ROME — The latest official statistics on international migration into Italy point to a record-setting year even higher than 2016, at the height of Europe’s migrant crisis.
According to the Italian Interior Ministry, a total of 26,927 migrants have reached Italian shores in the first three months of 2023, whereas in 2016, Italy had received 18,777 by the same date.
As weather got warmer, more migrants attempted the perilous crossing of the Mediterranean Sea and the country went on to receive a total of 181,436 migrants by January 31, 2016. If the pattern is repeated in 2023, Italy will be on a pace to break its prior immigration record.
As a point of comparison, during the first quarter of 2022, the total immigration figure into Italy was 6,543, for 2021 the number was 6,334, for 2020 the figure was 1553, in the first three months of 2019 there were 0, and in 2018 the number was 6296.
This means that more migrants have entered Italy during the first quarter of 2023 (26,927) than the total of the last five years combined for the same period (20,726).
“Mass immigration harms those who have the right to international protection and do not find help because the quotas are covered by those who arrive illegally,” said Italian prime minister Giorgia Meloni just last week. “On this I am sure I have the majority of Italians with me.”
“We cannot sit by helplessly waiting for the next shipwreck, an inherent danger for trips organized by unscrupulous smugglers,” she said. “The borders of Italy are the borders of Europe.”
Meloni has also warned that NGO activity helps people smugglers, insisting that NGOs are a “driving factor” for illegal migration. “I think a serious nation cannot tolerate these illegal phenomena,” she said.
The “approach of some NGOs, which undertake a mainly ideological activity that has little to do with international laws on rescue at sea, finds a natural convergence with the interests of traffickers,” she stated.
For his part, however, Pope Francis has encouraged the work of a major NGO engaged in seaborne rescues just as critics are accusing such NGOs of promoting illegal immigration, abetting human traffickers, and complicating humanitarian efforts.

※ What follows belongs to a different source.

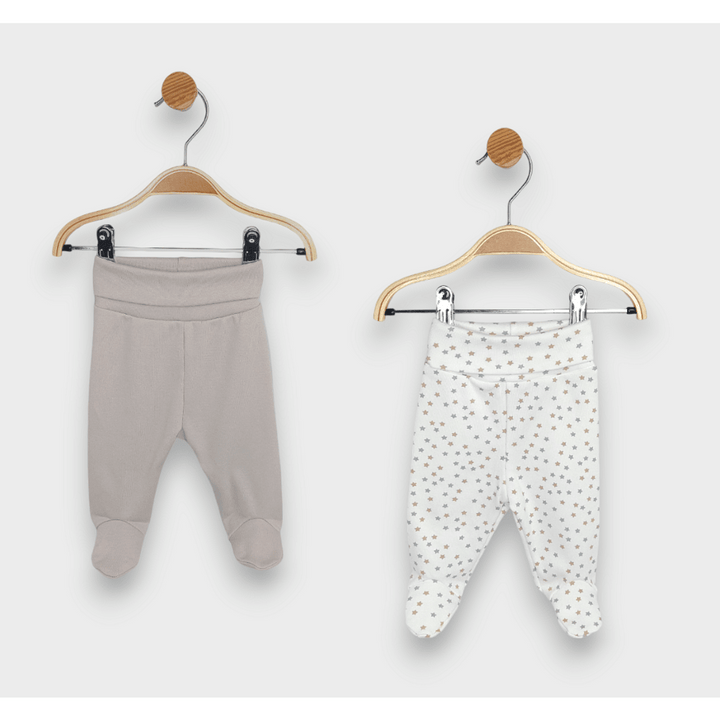 Rainy Set de pantalonași cu botosei 2 bucăți cu betelie întoarsă 48 - 68 cm. Steluțe gri și bej / cacao cald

On March 22, Francis received in audience members of the “Mediterranean Saving Humans” group, which operates a 50-year-old rescue vessel called the “Mare Jonio,” with which they pick up people stranded at sea and shuttle them to Italy.
Last Sunday, the Italian Coast Guard released a statement warning that such NGOs are harming rescue efforts by “overloading the communication systems of the National Rescue Coordination Center, overlapping and duplicating the signals of the already present air assets of the Italian State.”
Frontex, the European Union border agency, has said that the activities of NGO ships in the Mediterranean Sea have acted as an attraction for migrants to make the dangerous voyage to Europe.
Frontex said last December that these rescue NGOs increase the number of migrants able to cross as people smugglers are often aware of the locations of the vessels and can work that into their plans.
“Criminal networks try to maximize their profits often by putting migrants’ lives at risk and they take into account all factors when planning their smuggling operations, including weather conditions, proximity to NGO and member state vessels, the situation in the countries of arrival, etc.,” a source within the agency said.